All of SA's DNS queries depend on a DNS query to microsoft.com
I have found while reviewing my timelog log files that in more than half the cases
on at least one of my servers (well connected, and with correctly working DNS),
that query fails, and as a result none of the DNS rules get run.

Right now, I have hardcoded
$IS_DNS_AVAILABLE = 1;

I'd like to propose/offer a patch to make an SA option that says "yes, DNS is
always available, don't bother checking"

Would you accept that?

I'd be nice to have this in SA 2.30, it's a small patch, and right now it
silently fails in many cases and users were wondering why obviously RBLed spam
was getting through...

Comment 1 Daniel Quinlan 2002-06-14 16:08:29 UTC

Egads!  Don't use microsoft.com for the queries without the option.

Use one or more sites with high availability.  yahoo.com comes to mind.

Comment 2 Malte S. Stretz 2002-06-16 05:21:52 UTC

Every public site is down from time to time. What about checking more than 
one? Takes longer if DNS is really down but makes shure it's not only one site 
which failed. I'll attach a patch which tries three random domains from a 
larger list of sites with high availability.

Comment 3 Malte S. Stretz 2002-06-16 05:24:15 UTC

Created attachment 187 [details]
Patch against Dns.pm

Comment 4 Daniel Quinlan 2002-06-16 13:18:17 UTC

Subject: Re: [SAdev]  is Net::DNS::Resolver unavailable? -> unreliable

bugzilla-daemon@hughes-family.org writes:

> Every public site is down from time to time. What about checking
> more than one? Takes longer if DNS is really down but makes shure
> it's not only one site which failed. I'll attach a patch which tries
> three random domains from a larger list of sites with high
> availability.

I like the idea someone had to have a configuration option that can
eliminate the need for the test.  Something like:

  # set to "yes" or "no" to avoid testing for DNS
  dns_available test

I haven't looked at the patch yet, but we only need one positive result
before moving on, and I think it's desireable for the testing be
non-random.  Try yahoo.com, then slashdot.org, then google.com, then
amazon.com, then ebay.com (or something like that, but always in the
same order so we can debug problems).

Comment 5 Malte S. Stretz 2002-06-16 13:35:41 UTC

> I haven't looked at the patch yet, but we only need one positive result 
> before moving on, and I think it's desireable for the testing be 
> non-random.  Try yahoo.com, then slashdot.org, then google.com, then 
> amazon.com, then ebay.com (or something like that, but always in the 
> same order so we can debug problems). 
 
Have a look at the patch ;-) It stops if there is a positive result. So in 
most cases there will be only one test if DNS is available. 
 
It tries only three hosts because else it will take too long and if three well 
known sites aren't available it's very probably DNS being down. By picking 
random sites we assure that we have a pretty large test pool from which we 
choose and just in the case some day all three test sites are down (think 
DDoS) it fails only once and the next run is very likely to go without 
problems. The sites tested are printed when debugging.

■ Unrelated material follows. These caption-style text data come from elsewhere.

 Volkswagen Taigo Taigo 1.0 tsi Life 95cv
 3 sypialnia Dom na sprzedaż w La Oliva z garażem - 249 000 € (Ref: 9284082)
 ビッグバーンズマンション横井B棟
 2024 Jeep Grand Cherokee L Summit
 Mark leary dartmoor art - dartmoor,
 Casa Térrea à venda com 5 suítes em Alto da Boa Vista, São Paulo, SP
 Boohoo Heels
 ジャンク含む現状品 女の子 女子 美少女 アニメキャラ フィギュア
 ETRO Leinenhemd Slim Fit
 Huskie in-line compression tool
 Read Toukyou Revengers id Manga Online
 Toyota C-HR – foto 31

Comment 6 Malte S. Stretz 2002-06-16 14:33:58 UTC

Ok, here comes a script to test all the domains for availability. 
 
I'll have a look how to implement Daniel's config setting tomorrow or the day 
after. Marc, does your proposed patch already contain something like this?

Comment 7 Malte S. Stretz 2002-06-16 14:35:23 UTC

Created attachment 188 [details]
tools/check_dnstestdomains

Comment 8 Marc MERLIN 2002-06-18 08:55:23 UTC

Malte, I like the idea of picking 3 sites out of 10 or so, but I also agree with
Dan that we should be able to override with an option.
I can take your patch and add a dns_available override, or you can add that
yourself. Your call (I should be able to work on it tonight)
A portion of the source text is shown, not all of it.